„Die Philosophen haben die Welt nur verschieden interpretiert, es kommt drauf an, sie zu verändern.“ Dieser Satz des deutschen Philosophen und Revolutionärs Karl Marx ist weltberühmt und wurde gerade in diesem Jubiläumsjahr rauf- und runterzitiert. Weitaus seltener Thema waren seine Thesen über Naturzerstörung und Umwelt, die er in seinen Überlegungen zu „Erde“ und „Stoffwechsel“ entwickelt hat. Der Wirtschaftshistoriker Thomas Kuczynski findet das schade. Denn auch wenn Marx seine Gedanken zur Kritik der politischen Ökonomie bereits im 19. Jahrhundert niederschrieb, erklären sie nicht nur aktuelle Phänomene wie Globalisierung oder die sich verschärfende Ungleichheit sehr präzise, sondern zeigen auch, inwiefern die Ausbeutung von Mensch, Natur und Umwelt einer kapitalistischen Notwendigkeit folgt.
In der ehemaligen DDR war Kuczynski Wirtschaftsprofessor, die letzten zwanzig Jahre hat er sich intensiv mit dem ersten Band des Kapitals auseinandergesetzt.
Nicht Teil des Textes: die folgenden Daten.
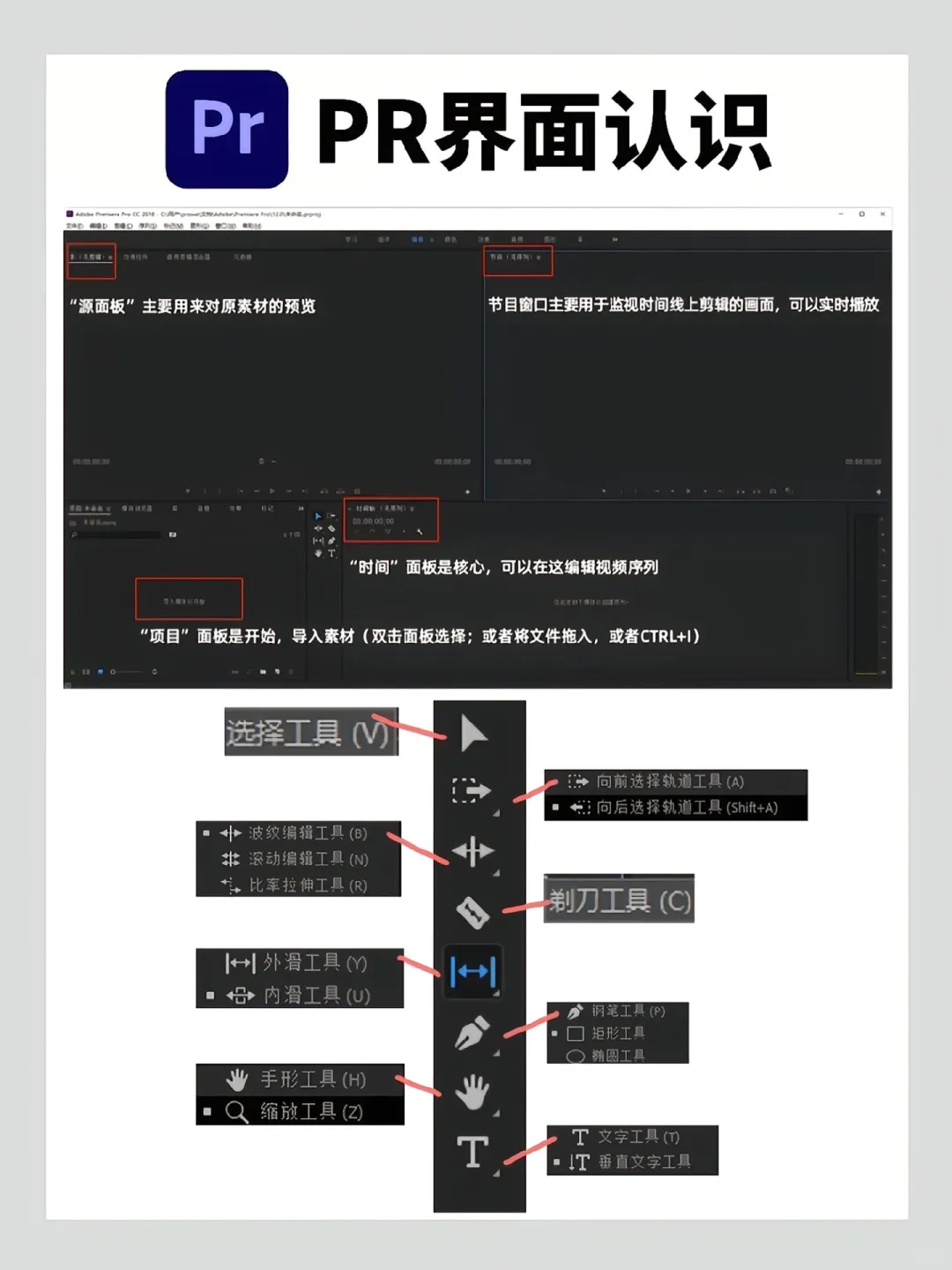 自学剪辑一定要了解的四大热门软件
Seine Neuausgabe ist dieses Jahr im VSA-Verlag erschienen. Im Interview mit dem Greenpeace Magazin erzählt der Wirtschaftsexperte, welche Relevanz Marx' Thesen gerade für die aktuelle ökologische Krise und die anhaltende Naturzerstörung haben.
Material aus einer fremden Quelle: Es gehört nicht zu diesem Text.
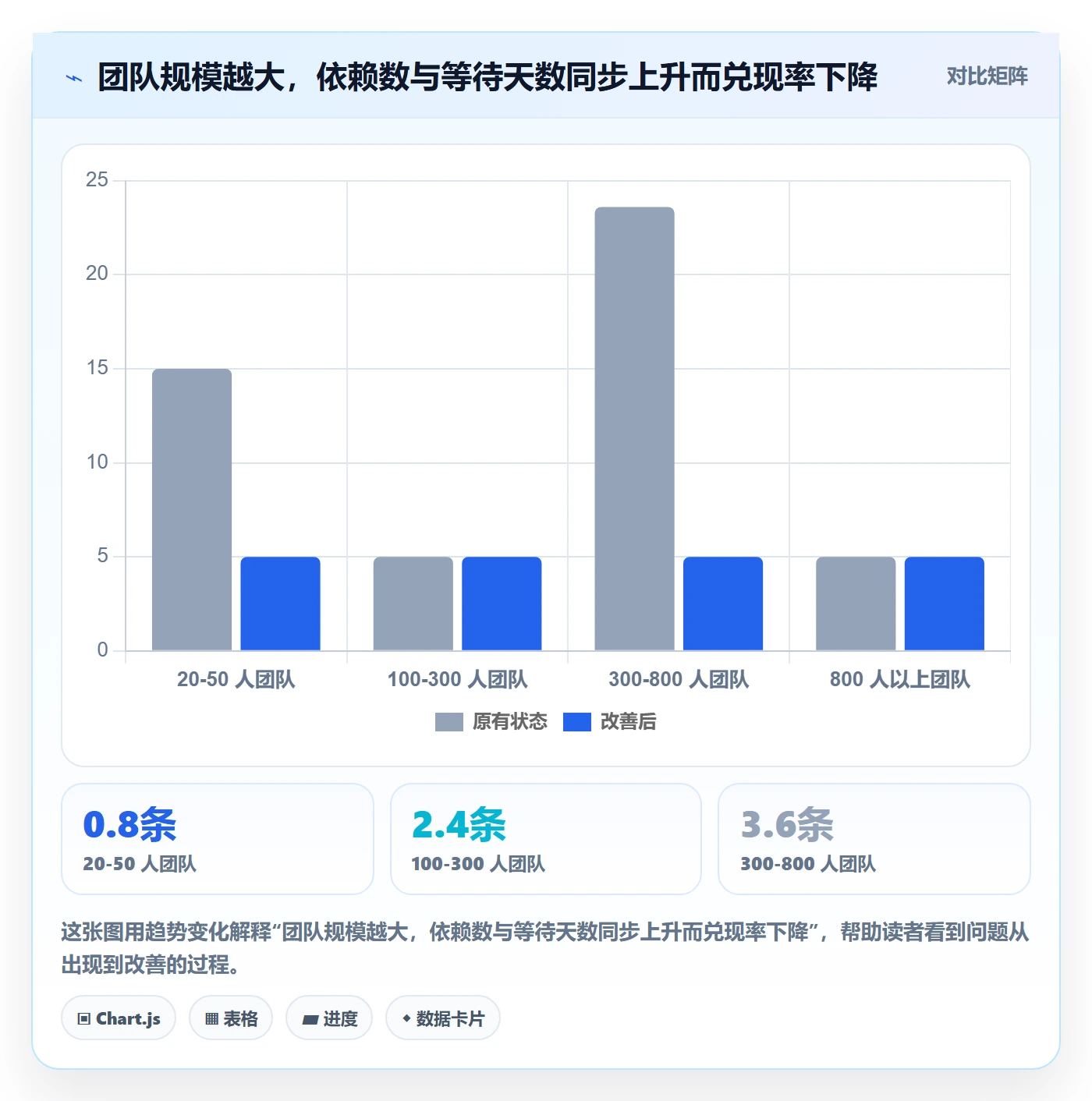需求排期资源评估全流程：跨部门团队数据分析与一文讲清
Herr Kuczynski, wegen der beiden Jubiläen – Band 1 des Kapitals wurde vor einem Jahr 150 und Karl Marx wäre diesen Mai 200 Jahre alt geworden – war der deutsche Philosoph in Medien, Ausstellungen und auf Konferenzen so gegenwärtig wie lange nicht. Gibt es denn auch gesellschaftspolitische Entwicklungen, die den Marx-Hype befeuert haben könnten?
Es sind sicherlich vor allem, aber nicht nur die Jubiläen, die eine Rolle bei der ungewöhlich hohen Marx-Rezeption in letzter Zeit gespielt haben. Andere Gründe für eine neue Relevanz von Marx' Denken wären zum einen die Problematik der Ungleichheit, die sich immer weiter verschärft. Während vor fünfzig Jahren das Gehalt eines einfachen Angestellten in einem Verhältnis von 1:20 zu dem eines Vorstandsvorsitzenden stand, liegt es heute bei 1:100. Zum anderen haben die Kapitalisten schon vor zwanzig Jahren gemerkt, dass Marx bestimmte wirtschaftliche Entwicklungen wie die Globalisierung antizipiert hatte. Im kommunistischen Manifest beschreibt er, wie die Bourgeoisie sich die Welt nach ihrem Bild baut und mit ihren wohlfeilen Preisen als Artillerie selbst die chinesichen Mauern zu Fall bringen wird. Im Prinzip hat sich das 1989 bewahrheitet: Die Mauer ist gefallen und die sozialistische Wirtschaft hat den Wettlauf verloren. In der Analyse des Systemuntergangs zeigt sich die aktuelle Relevanz der Marxschen Thesen.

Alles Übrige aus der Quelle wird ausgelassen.